> **WHAT TO PRODUCE**:
Please print the line that holds "Panicum virgatum" and each line after it to the end of the data, word for word, without any pictures.

[Crawled caption data]
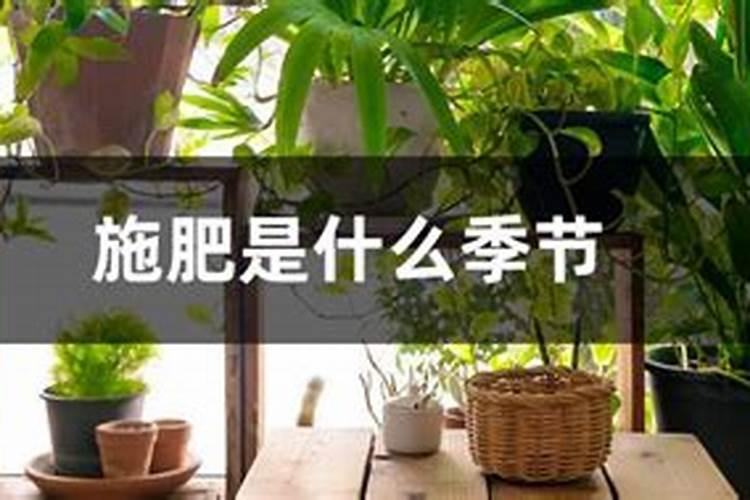 什么时候施肥最好 什么时候给花施肥最好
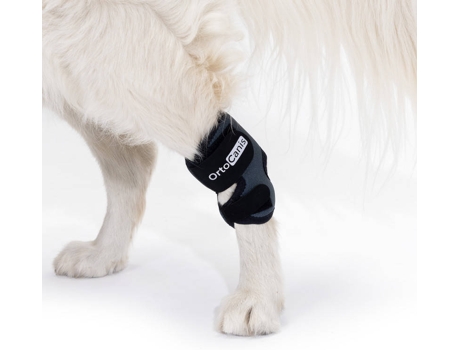 Suporte de Tarso para Cão ORTOCANIS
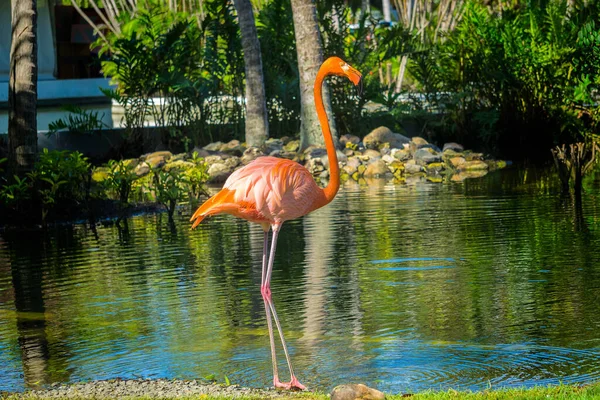 Flamingos Paradiesgarten — Stockfoto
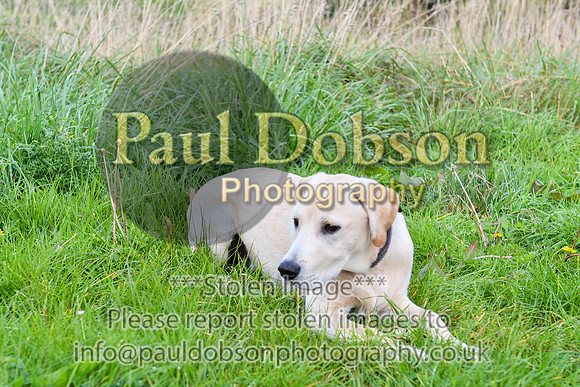 PAW_6749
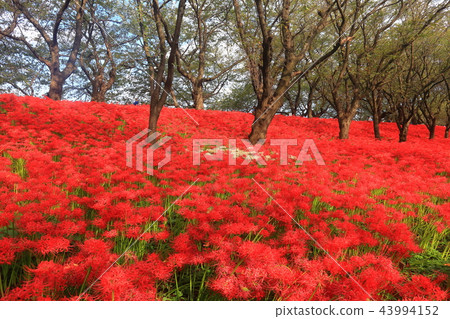 Gongendo公園的Gwansu Hana節 Gongendo公園的Gwansu Hana節 43994152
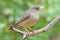 Karoo thrush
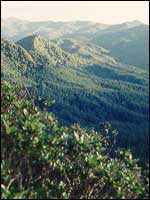 The Coromondel Peninsula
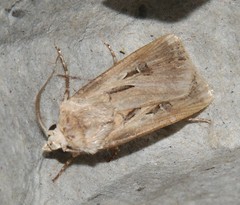Agrotis spinifera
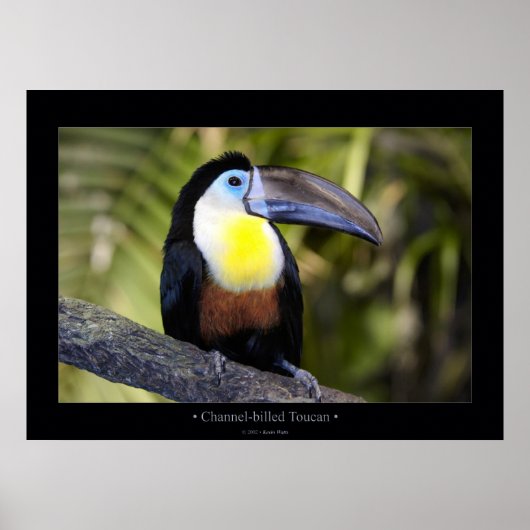 Poster Facturé par canal Toucan (Devant)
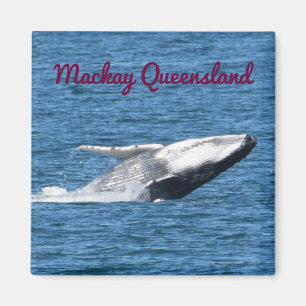 AIMANT HUMPBACK WHALE TAIL MACKAY QUEENSLAND AUSTRALIE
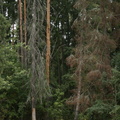 Pair of century old pines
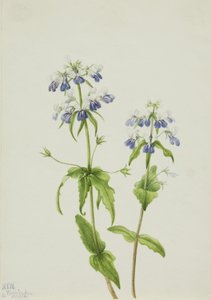 Blauäugige Mary (Collinsia verna) von Mary Vaux Walcott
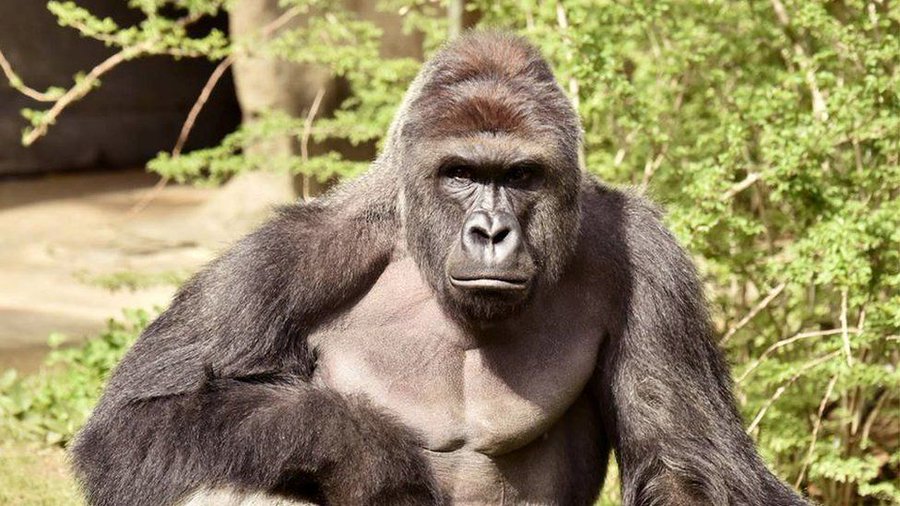 Hace 5 años murió Harambe, el gorila abatido para proteger a niño que cayó en su foso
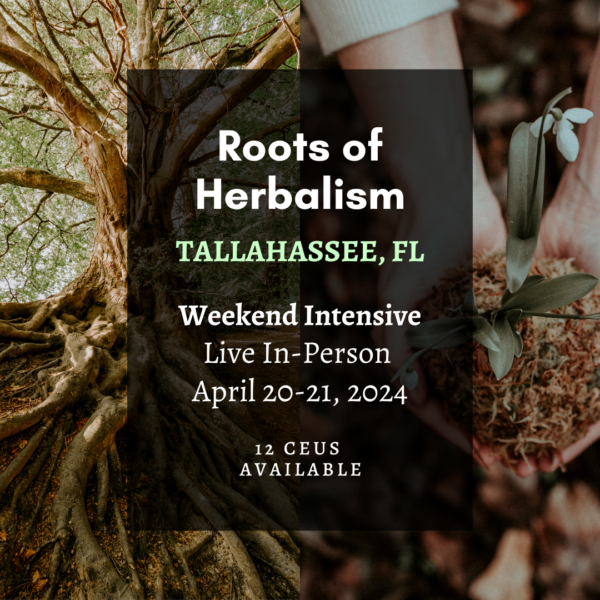 Roots of Herbalism Tallahassee - Live In-Person - April 20-21, 2024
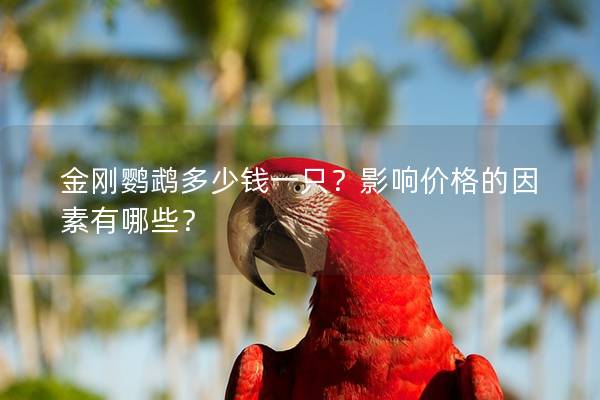 金刚鹦鹉多少钱一只？影响价格的因素有哪些？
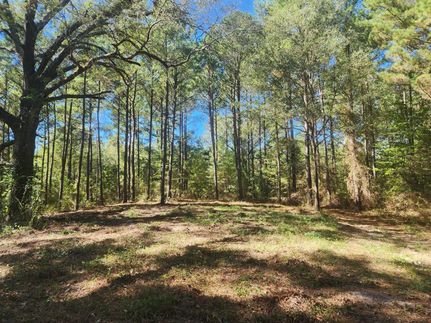Undeveloped Land in Upshur County, Texas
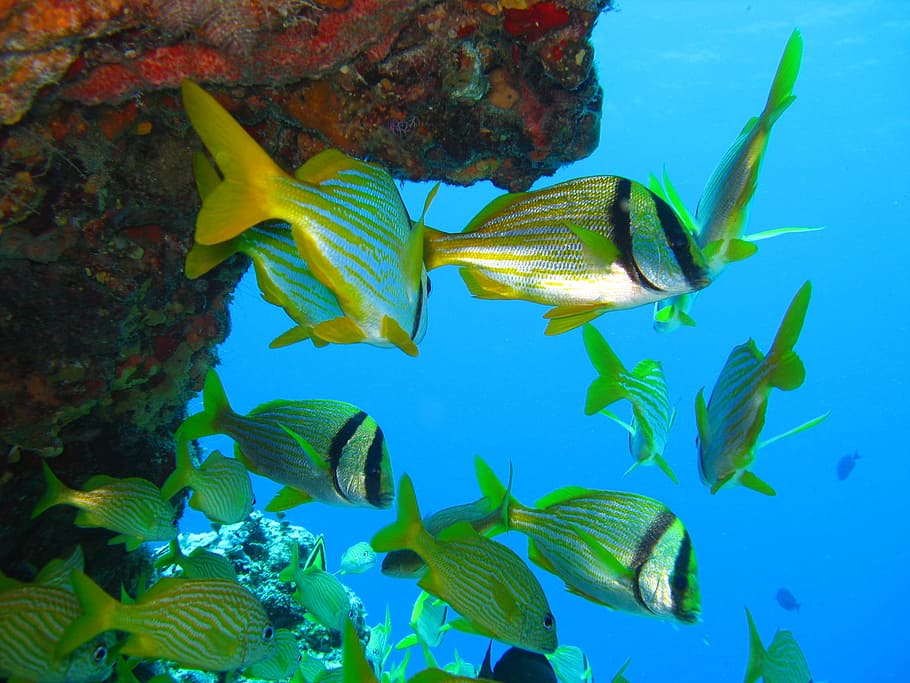 shoal of fish, Fish, Underwater, Marine, Ocean, Coral, nature, reef, scuba, diving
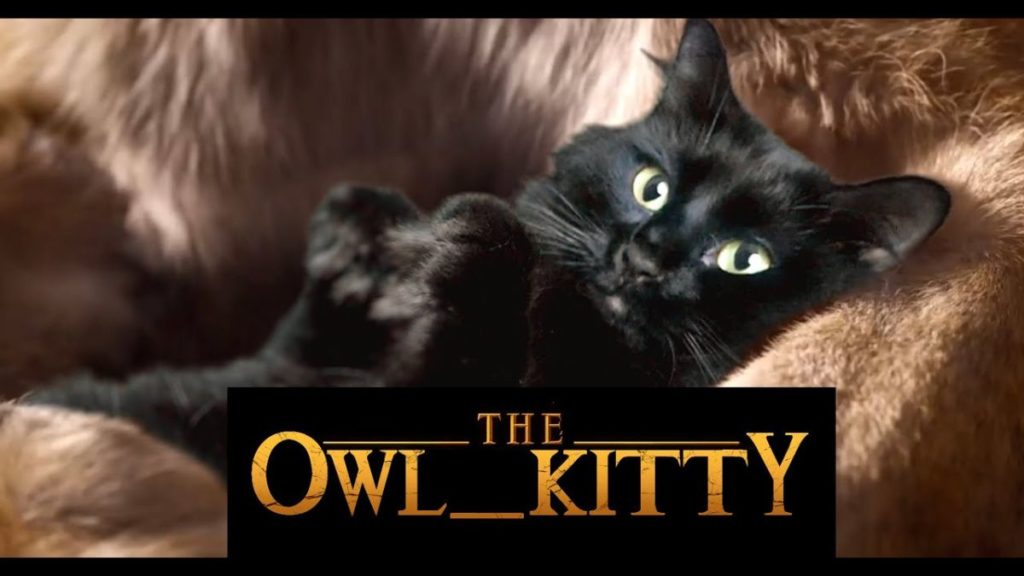 OwlKitty - Net Worth, Income & Estimated Earnings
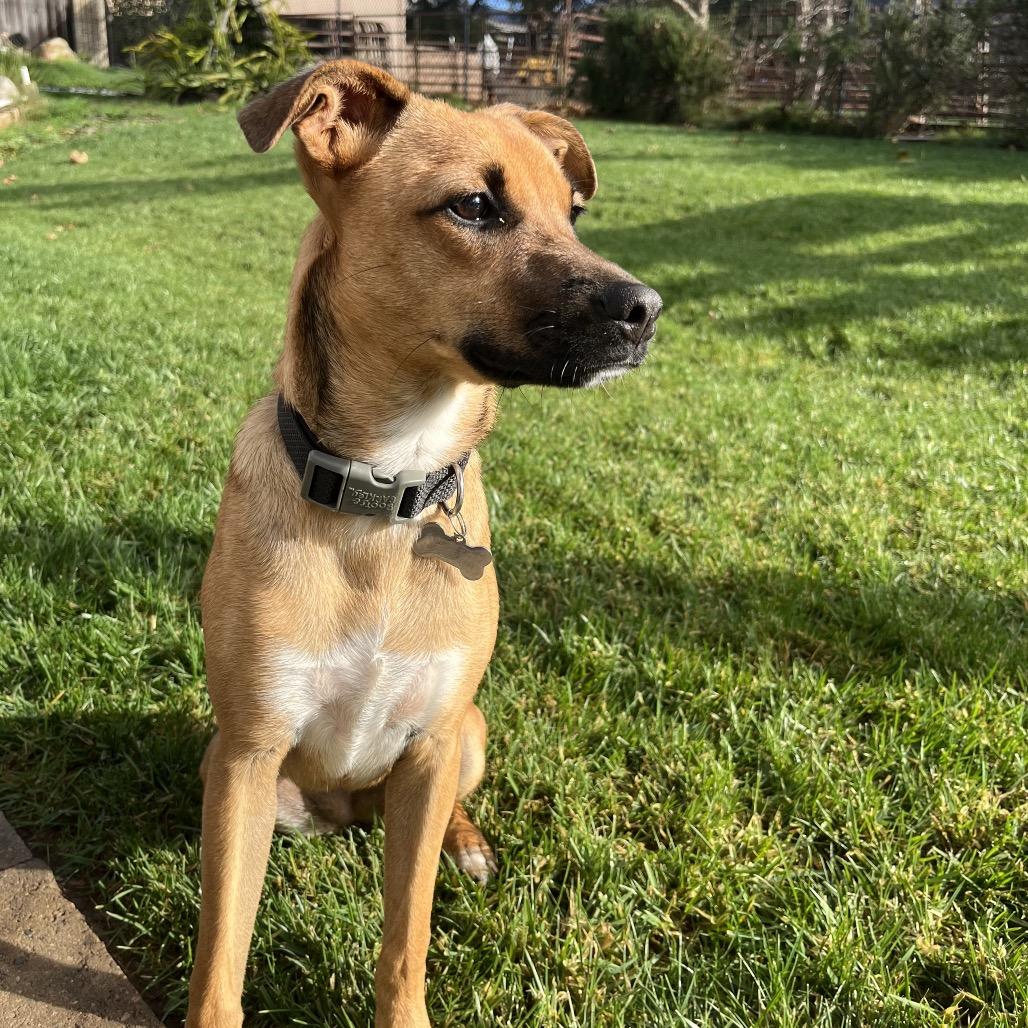Lola, a Adoptable mixed breed in Escondido, CA image 2/5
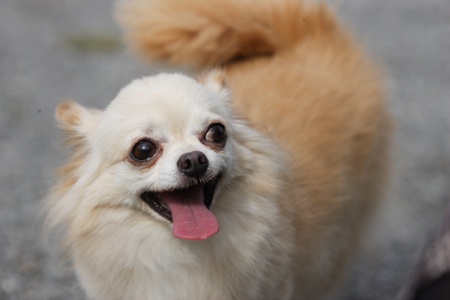 Smiling Chihuahuaの写真素材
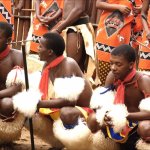 ZA_AL_Swaziland_stam_78350053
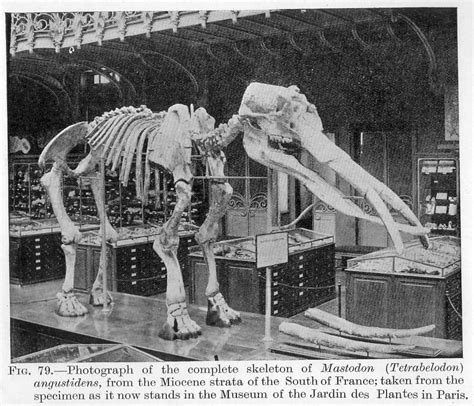 Reconstructing Stegotetrabelodon syrticus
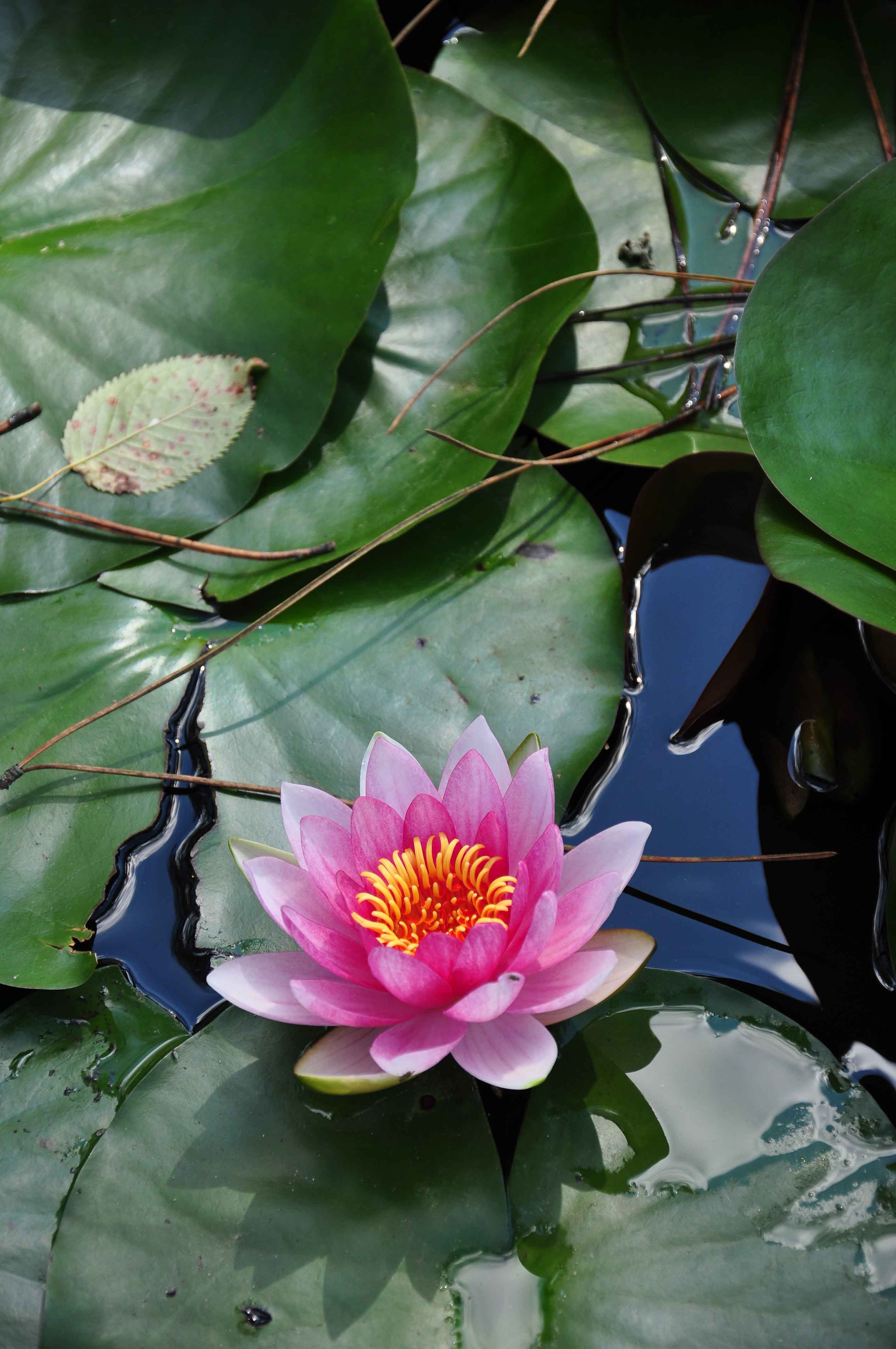 Lotus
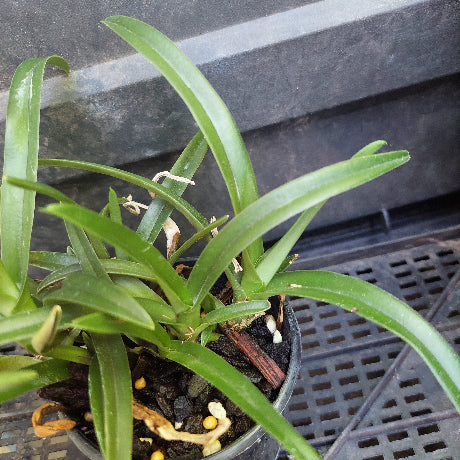 sarcocilus orchid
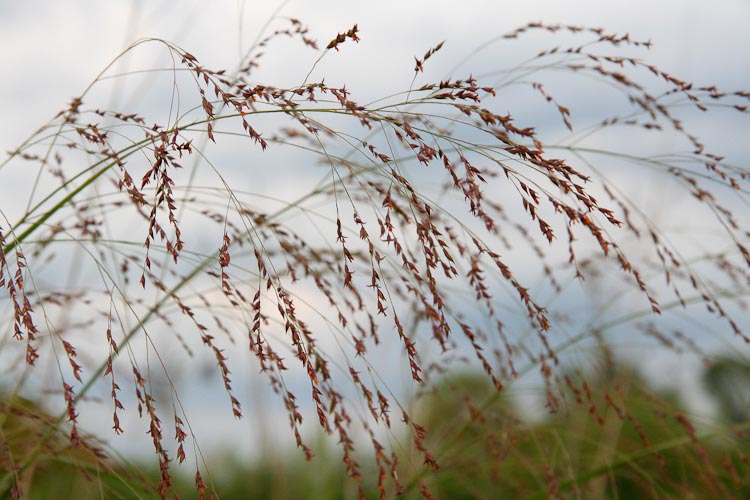 Panicum virgatum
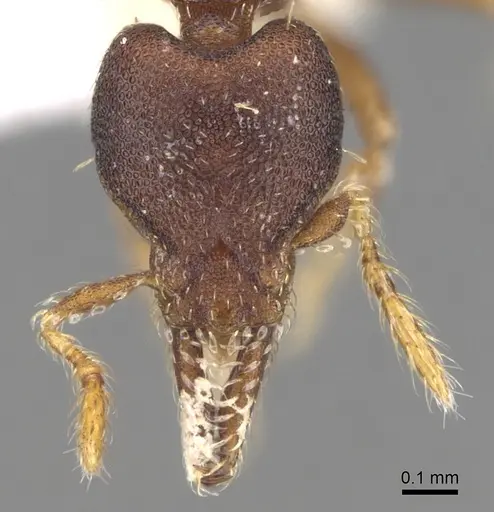 Strumigenys trieces specimen CASENT0281982 image casent0281982_2
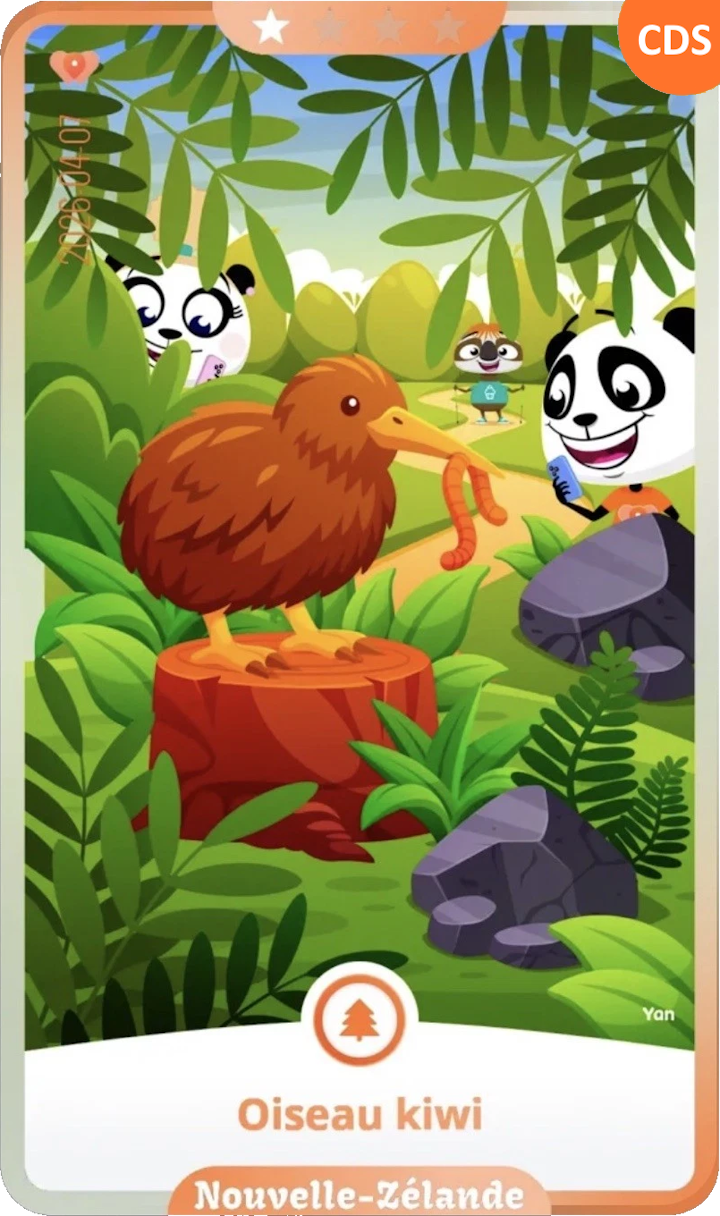 newzealand_01.png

> **RESPONSE TO THE TASK**:
 Panicum virgatum
 Strumigenys trieces specimen CASENT0281982 image casent0281982_2
 newzealand_01.png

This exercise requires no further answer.